WORK REQUIRED> From the listing below, retype exactly the line holding "Free people BFF knit cowl neck Sweater", the line holding "Aseguran más de", and the lines between them; skip everything else.

DATASET EXTRACT>
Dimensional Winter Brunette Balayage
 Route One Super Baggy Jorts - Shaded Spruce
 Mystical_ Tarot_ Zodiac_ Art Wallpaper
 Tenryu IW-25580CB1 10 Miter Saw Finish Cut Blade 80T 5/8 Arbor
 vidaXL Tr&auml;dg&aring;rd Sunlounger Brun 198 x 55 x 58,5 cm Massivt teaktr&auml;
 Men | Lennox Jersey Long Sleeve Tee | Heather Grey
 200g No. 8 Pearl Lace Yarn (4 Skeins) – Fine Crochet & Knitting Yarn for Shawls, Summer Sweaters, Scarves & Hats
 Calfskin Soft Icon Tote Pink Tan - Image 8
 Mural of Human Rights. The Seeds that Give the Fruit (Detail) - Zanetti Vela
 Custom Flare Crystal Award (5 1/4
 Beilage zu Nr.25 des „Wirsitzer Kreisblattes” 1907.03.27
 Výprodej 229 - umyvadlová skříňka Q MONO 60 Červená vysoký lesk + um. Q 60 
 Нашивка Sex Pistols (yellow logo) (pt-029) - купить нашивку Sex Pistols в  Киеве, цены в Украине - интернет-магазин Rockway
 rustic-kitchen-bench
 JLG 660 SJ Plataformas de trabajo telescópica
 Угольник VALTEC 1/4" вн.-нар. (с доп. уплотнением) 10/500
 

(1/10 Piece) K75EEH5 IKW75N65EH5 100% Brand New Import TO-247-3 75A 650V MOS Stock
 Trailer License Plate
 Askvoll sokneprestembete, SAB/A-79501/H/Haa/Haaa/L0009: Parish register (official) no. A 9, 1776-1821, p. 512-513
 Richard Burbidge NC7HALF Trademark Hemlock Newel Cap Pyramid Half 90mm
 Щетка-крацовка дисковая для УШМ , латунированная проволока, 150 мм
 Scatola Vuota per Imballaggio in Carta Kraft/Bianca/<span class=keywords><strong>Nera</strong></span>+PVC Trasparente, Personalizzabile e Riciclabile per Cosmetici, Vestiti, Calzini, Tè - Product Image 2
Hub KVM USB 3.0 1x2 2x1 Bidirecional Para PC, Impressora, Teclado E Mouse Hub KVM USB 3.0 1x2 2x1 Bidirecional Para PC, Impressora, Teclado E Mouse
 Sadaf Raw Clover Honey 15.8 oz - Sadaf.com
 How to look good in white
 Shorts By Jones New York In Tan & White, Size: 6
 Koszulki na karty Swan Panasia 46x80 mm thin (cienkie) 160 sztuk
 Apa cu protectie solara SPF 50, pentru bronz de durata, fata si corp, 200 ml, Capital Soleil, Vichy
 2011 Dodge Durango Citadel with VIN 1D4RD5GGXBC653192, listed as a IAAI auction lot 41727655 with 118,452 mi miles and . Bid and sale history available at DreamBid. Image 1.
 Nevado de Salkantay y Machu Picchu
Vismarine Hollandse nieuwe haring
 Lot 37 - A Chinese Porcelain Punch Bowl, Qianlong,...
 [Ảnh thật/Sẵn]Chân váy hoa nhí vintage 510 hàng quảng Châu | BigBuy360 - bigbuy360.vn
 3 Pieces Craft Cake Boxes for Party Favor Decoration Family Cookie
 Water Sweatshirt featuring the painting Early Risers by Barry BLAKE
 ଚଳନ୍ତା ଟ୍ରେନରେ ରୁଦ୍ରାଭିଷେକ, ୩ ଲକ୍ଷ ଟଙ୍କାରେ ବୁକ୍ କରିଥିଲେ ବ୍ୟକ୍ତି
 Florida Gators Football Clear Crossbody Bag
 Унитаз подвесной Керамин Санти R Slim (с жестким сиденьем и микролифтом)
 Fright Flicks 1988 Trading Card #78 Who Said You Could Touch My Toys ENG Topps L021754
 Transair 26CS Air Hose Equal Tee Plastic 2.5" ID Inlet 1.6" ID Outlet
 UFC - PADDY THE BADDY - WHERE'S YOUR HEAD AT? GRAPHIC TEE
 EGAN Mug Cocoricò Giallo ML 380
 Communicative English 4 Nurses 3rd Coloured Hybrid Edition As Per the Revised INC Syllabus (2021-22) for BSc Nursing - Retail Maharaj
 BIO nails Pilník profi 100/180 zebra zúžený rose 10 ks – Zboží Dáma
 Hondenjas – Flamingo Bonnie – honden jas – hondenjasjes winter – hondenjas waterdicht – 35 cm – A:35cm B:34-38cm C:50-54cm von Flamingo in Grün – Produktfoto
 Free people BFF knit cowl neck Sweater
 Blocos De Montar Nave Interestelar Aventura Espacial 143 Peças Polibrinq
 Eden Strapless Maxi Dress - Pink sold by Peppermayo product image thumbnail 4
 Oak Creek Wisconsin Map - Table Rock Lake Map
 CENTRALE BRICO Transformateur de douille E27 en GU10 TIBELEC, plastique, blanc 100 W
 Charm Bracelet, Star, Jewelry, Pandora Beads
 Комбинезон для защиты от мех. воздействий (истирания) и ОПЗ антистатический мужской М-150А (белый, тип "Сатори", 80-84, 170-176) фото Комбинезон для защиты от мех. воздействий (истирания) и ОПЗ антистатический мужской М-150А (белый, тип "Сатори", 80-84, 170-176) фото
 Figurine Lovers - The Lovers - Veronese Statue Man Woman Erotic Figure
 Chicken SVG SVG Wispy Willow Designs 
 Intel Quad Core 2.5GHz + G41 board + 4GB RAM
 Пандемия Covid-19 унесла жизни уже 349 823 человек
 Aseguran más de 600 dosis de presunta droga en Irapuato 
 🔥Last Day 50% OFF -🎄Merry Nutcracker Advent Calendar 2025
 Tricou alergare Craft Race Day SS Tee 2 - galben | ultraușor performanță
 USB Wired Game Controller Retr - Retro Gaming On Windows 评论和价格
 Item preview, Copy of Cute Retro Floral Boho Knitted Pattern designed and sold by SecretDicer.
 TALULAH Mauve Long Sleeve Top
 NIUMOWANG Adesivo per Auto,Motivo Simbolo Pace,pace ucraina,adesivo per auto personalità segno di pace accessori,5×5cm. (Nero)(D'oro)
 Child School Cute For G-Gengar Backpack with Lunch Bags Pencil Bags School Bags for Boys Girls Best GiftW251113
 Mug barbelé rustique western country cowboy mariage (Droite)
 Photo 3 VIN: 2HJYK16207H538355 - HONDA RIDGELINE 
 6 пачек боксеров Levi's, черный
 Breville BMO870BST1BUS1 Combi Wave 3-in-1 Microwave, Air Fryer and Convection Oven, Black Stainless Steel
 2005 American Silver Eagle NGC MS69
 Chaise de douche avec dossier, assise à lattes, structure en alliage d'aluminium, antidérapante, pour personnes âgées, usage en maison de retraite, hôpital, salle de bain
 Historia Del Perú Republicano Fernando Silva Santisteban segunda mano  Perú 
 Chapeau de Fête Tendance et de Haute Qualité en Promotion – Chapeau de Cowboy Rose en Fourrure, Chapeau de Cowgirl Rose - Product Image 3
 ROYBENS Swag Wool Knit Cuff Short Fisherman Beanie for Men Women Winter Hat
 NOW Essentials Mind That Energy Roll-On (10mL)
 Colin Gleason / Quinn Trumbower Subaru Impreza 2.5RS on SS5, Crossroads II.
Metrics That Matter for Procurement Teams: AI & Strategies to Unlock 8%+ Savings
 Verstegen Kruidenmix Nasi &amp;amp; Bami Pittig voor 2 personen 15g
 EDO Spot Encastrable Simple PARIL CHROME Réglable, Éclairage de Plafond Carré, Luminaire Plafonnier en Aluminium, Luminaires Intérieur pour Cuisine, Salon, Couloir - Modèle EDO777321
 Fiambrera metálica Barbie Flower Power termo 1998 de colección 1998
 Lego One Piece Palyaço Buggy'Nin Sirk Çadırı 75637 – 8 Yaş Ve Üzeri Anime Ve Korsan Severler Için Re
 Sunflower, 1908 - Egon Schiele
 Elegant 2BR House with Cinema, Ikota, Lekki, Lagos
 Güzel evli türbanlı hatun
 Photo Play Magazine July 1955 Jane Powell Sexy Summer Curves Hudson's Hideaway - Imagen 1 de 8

SOLUTION TO THIS PROBLEM>
 Free people BFF knit cowl neck Sweater
 Blocos De Montar Nave Interestelar Aventura Espacial 143 Peças Polibrinq
 Eden Strapless Maxi Dress - Pink sold by Peppermayo product image thumbnail 4
 Oak Creek Wisconsin Map - Table Rock Lake Map
 CENTRALE BRICO Transformateur de douille E27 en GU10 TIBELEC, plastique, blanc 100 W
 Charm Bracelet, Star, Jewelry, Pandora Beads
 Комбинезон для защиты от мех. воздействий (истирания) и ОПЗ антистатический мужской М-150А (белый, тип "Сатори", 80-84, 170-176) фото Комбинезон для защиты от мех. воздействий (истирания) и ОПЗ антистатический мужской М-150А (белый, тип "Сатори", 80-84, 170-176) фото
 Figurine Lovers - The Lovers - Veronese Statue Man Woman Erotic Figure
 Chicken SVG SVG Wispy Willow Designs 
 Intel Quad Core 2.5GHz + G41 board + 4GB RAM
 Пандемия Covid-19 унесла жизни уже 349 823 человек
 Aseguran más de 600 dosis de presunta droga en Irapuato 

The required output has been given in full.